Late rally leads Fire to 4-3 victory over Union

Hugo Cuypers' brace in the final eight-plus minutes Wednesday night enabled the Chicago Fire to erase a two-goal deficit and beat the visiting Philadelphia Union 4-3.

Cuypers' header off a Chris Mueller assist in the 82nd minute drew Chicago (5-10-6, 21 points) within a goal. Gaston Gimenez tied the score seven minutes later when he buried Rafael Czichos' feed.

A minute into stoppage time, Cuypers used Maren Haile-Selassie's service and delivered the match-winning tally. The assist capped a big game for Haile-Selassie, who scored the Fire's first goal and also picked up the secondary helper on Cuypers' first tally.

Chris Donovan, Daniel Gazdag and Jack McGlynn scored in an 11-minute span bridging the halves that provided a 3-1 cushion for Philadelphia (4-9-8, 20 points). But a second straight late collapse -- the Union conceded two markers after the 88th minute in a 4-2 loss at CF Montreal on Saturday -- sent Philadelphia to its fifth consecutive defeat.

The Union are 0-5-3 in their past eight fixtures.

In a matchup of sides desperately seeking wins to move up the Eastern playoff table, the Fire made the Union concede first via an authoritative run down the right side from Allan Arigoni.

His pass into the box was deflected by a defender and Haile-Selassie claimed it at point-blank range, chipping it over prone goalie Oliver Semmle in the 30th minute. It was Haile-Selassie's fourth straight match with a goal.

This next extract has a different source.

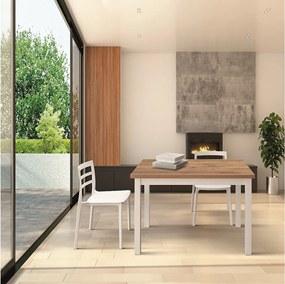 Stół drewniany z efektem dębu, białe nogi, 110x70cm-190x70cm przedłużenie - POSITANO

However, Chicago's leaky defense couldn't protect the lead for long. Leon Flach teed up Donovan for the equalizer in the 38th minute via service into the box. Donovan's deflection to the right post left goalie Chris Brady helpless.

The Union took the lead in the seventh minute of first-half stoppage time. Brady was shown a yellow card after committing a foul in the box, and Gazdag converted from the spot for a 2-1 halftime advantage.

McGlynn made it 3-1 in the 49th minute when he blistered a left-footed shot past a diving Brady that banged off the left post, then the right before crossing the goal line.